Rui Ramos
Ao contrário do SIRESP e da vigilância de
Tancos, a "gestão política" do governo funcionava: ninguém discutia
as cativações e esquecemos as viagens da Galp. Mas eis que nem a
"gestão" já funciona.
Durante dois anos, o país
esteve sujeito à tese de que o optimismo e o “pensamento positivo” são, como
nas revistas cor de rosa, o que mais importa. Bastavam afeto e boas notícias
para tudo correr bem. Patetice? Alguma. Manha? Bastante. Mas também uma teoria:
a de que a verdadeira “realidade”, em política, consiste apenas em “fenómenos
mediáticos”. No “estado da nação”, conta menos como a nação verdadeiramente
“está”, do que como a nação se “sente”. E o sentimento da nação, segundo a
teoria, é algo que pode ser manipulado. A política, em suma, é sobretudo
“comunicação e gestão política”.
Viu-se essa teoria posta a nu
durante a tragédia de Pedrógão-Grande e a “humilhação” de Tancos. O que
importava não era tomar decisões, mas aparecer na televisão com a cara certa
(olhos húmidos, vá lá, um bocadinho mais húmidos, isso, muito bem, as câmaras
estão além, corra…). O que importava não era perceber o que se tinha passado,
mas persuadir o público de que a responsabilidade só chega aos ministros quando
são condenados em última instância, e que, nos demais casos, apenas os “operacionais”

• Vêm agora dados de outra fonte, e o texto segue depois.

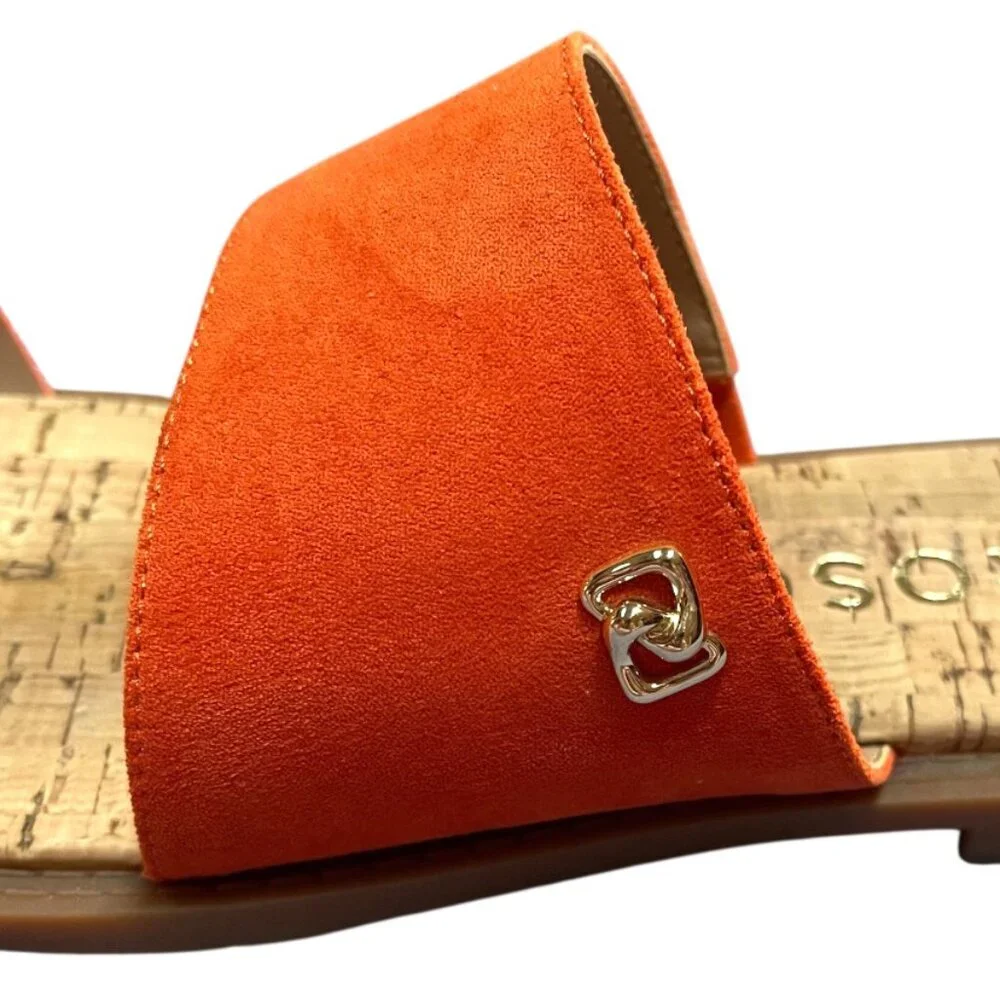 Aerosoles Women's Carder Faux Suede Flat Sandal Sz 9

são responsáveis (ponha um ar displicente, assim, mostre-se enfadado com as
perguntas, levante a cabeça, olhe-os de cima…).
Fazer política, de acordo com
a teoria, é gerir “imagens” e “momentos simbólicos”. Era aliás desse ponto de
vista que António Costa passava por ser muito “hábil”. Por isso, Costa não foi
censurado, na imprensa, por ter tolerado um sistema de emergência sem eficácia
ou instalações militares sem segurança — mas por ter ido de férias. Como é que
um “mestre” pôde cometer um “erro” tão básico? Foi assim que o jornalismo e o
comentário se desencantaram com Costa: afinal, o “fenómeno” não era tão bom
como parecia.
O governo, a certa altura,
parece ter esperado que umas idas à televisão e uns minuetes de passa-culpas
chegassem para diluir 64 mortos e umas centenas de quilos de armas roubadas. É
compreensível. Pois se durante dois anos, com uma das maiores dívidas do mundo
em relação ao PIB, a mais baixa natalidade da Europa, a economia europeia que
menos cresceu no século XXI, bancos falidos, um Estado capturado por grupos de
interesse, finanças dependentes do BCE e gerações para quem as únicas
perspectivas são servir à mesa os turistas que têm medo de ir para a Tunísia —
pois se com tudo isso, conseguiu “fazer passar” a “imagem” eufórica de que tudo
“corria bem”, porque não havia de conseguir mais uma vez?
Este tipo de governação não
começou com Costa. Mas para um primeiro-ministro que perdeu as eleições e para
um partido europeísta amparado em partidos antieuropeístas, que outra coisa há
para fazer, senão saciar clientelas e controlar a “opinião” (primeiras páginas,
aberturas de telejornais, redes sociais)? Daí a precipitação do Ministério da
Administração Interna ao publicitar sondagens no site oficial: é tudo o que
importa. Daí, também, a resistência de Costa à demissão dos ministros: como
todos os fracos, não pode mostrar fraqueza.
Ao contrário do SIRESP e da
vigilância de Tancos, a “comunicação e a gestão política” do governo
funcionavam: durante dois anos, as cativações não foram discutidas, e toda a
gente esqueceu as viagens da Galp. Mas eis que até a “gestão política” parece
estar a falhar. Como todos os sistemas dependentes da imagem, basta uma imagem
para o abalar. A realidade não mudou: moveu-se apenas o suficiente para revelar
a extrema vulnerabilidade de um “fenômeno mediático” que nunca teve outro fim
senão salvar, a qualquer custo, as carreiras de uns quantos oligarcas.